Masalahnya, apakah kemudian selepas dari doa para pemimpin - Paus
yang Kristen, Peres yang Yahudi, dan Abbas yang Islam - di Taman Vatikan
lantas bermuara pada terciptanya kedamaian di dunia, terutama di daerah
asal para nabi, yaitu Israel dan Palestina? Tidak ada yang tahu. Yang
pasti, doa bukanlah pelarian ketika tidak ada lagi jalan-jalan lain.
Akan tetapi jika diresapi, dimaknai, dan dihidupi, melalui doa, niscaya
hati mereka yang sungguh-sungguh berdoa akan merasa saling mengasihi
karena doa merupakan ekspresi cinta di antara para sahabat.
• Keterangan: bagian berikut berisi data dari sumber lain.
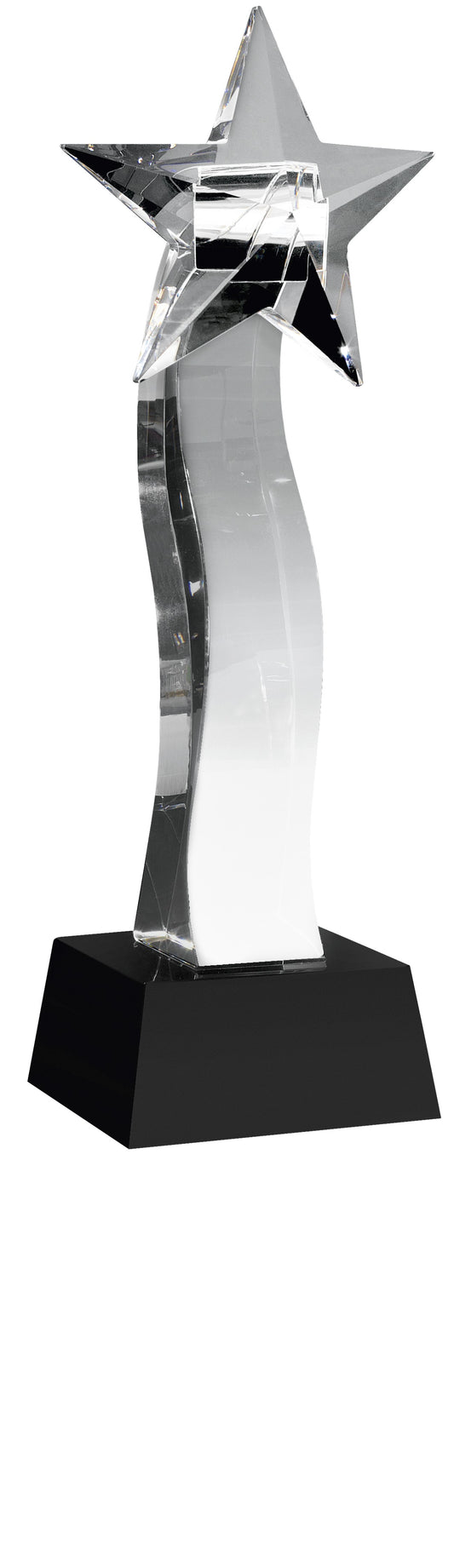 25.5cm Swatkins Optical Crystal Star Award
Dengan kata lain, doa mensyaratkan supaya segala timbunan ego
diturunkan demi kemaslahatan bersama. Israel, misalnya, sudah harus
menurunkan dosis egoismenya dengan cara mengakui Palestina sebagai
negara. Bukan karena Palestina layak merdeka, melainkan karena hak dasar
setiap manusia itu adalah bebas dan merdeka. Sebaliknya, Palestina pun
harus bertanggung jawab penuh dan menggaransi kenyamanan bagi orang
Israel dan Kristen untuk berziarah secara bebas ke Betlehem. Pada saat
yang sama, Palestina pun harus mengakui Israel sebagai negara yang juga
berhak atas kota suci agama mereka, bahkan menggaransi tindakan-tindakan
radikal yang sering muncul di sana tidak ada lagi.
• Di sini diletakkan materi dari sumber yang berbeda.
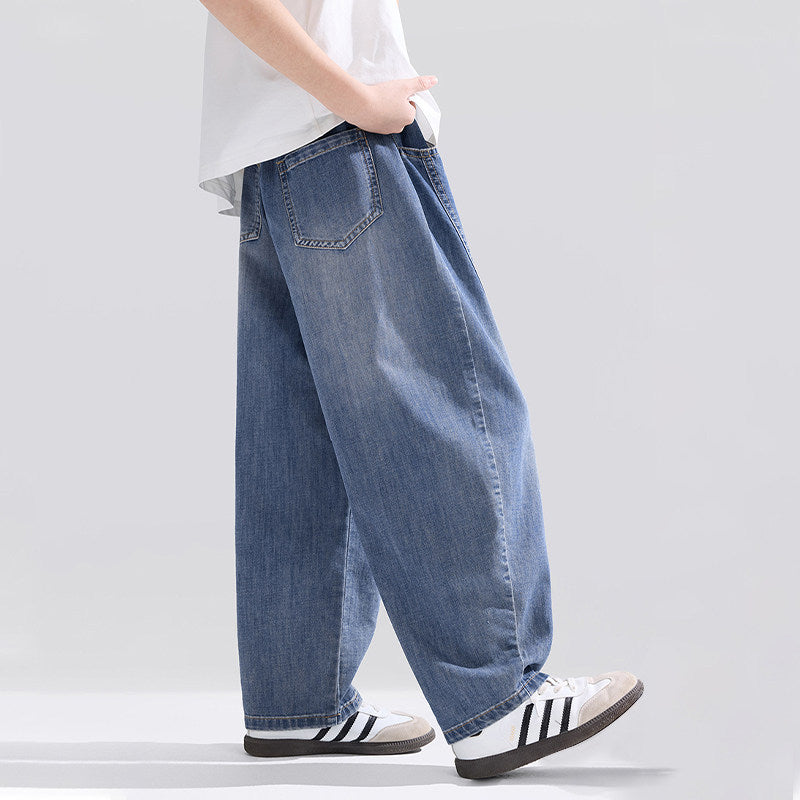 Unisex weite Jeans mit lässigem Schnitt Echo Archiv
Itulah sebenarnya wujud konkret doa yang diharapkan oleh Paus dan
oleh kita semua melalui doa bersama ini. Harus ada pengorbanan dan
pergerakan maju yang berani dengan hati jernih. Harus ada pula rasa
saling menjaga, bukan saling mengintip. Lagipula, doa itu merupakan
sebuah pengorbanan, setidaknya karena doa, kita sudah berkorban untuk
sejenak memberi hati kepada Tuhan. Hal itu tentunya paralel bahwa sesama
sahabat yang sedang berdoa harus berkorban dengan cara menurunkan dosis
tuntutan. Masalahnya, apakah mereka berdoa hanya untuk pencitraan atau
keterpaksaan?
Doa Revolusioner
Kita tidak tahu. Yang pasti, kita telah sama-sama melihat dan
menyaksikan mereka berdoa. Kita yakin pula, dengan doa itu, mereka sudah
dicegah untuk melakukan hal yang tidak baik, apalagi yang mengkhianati.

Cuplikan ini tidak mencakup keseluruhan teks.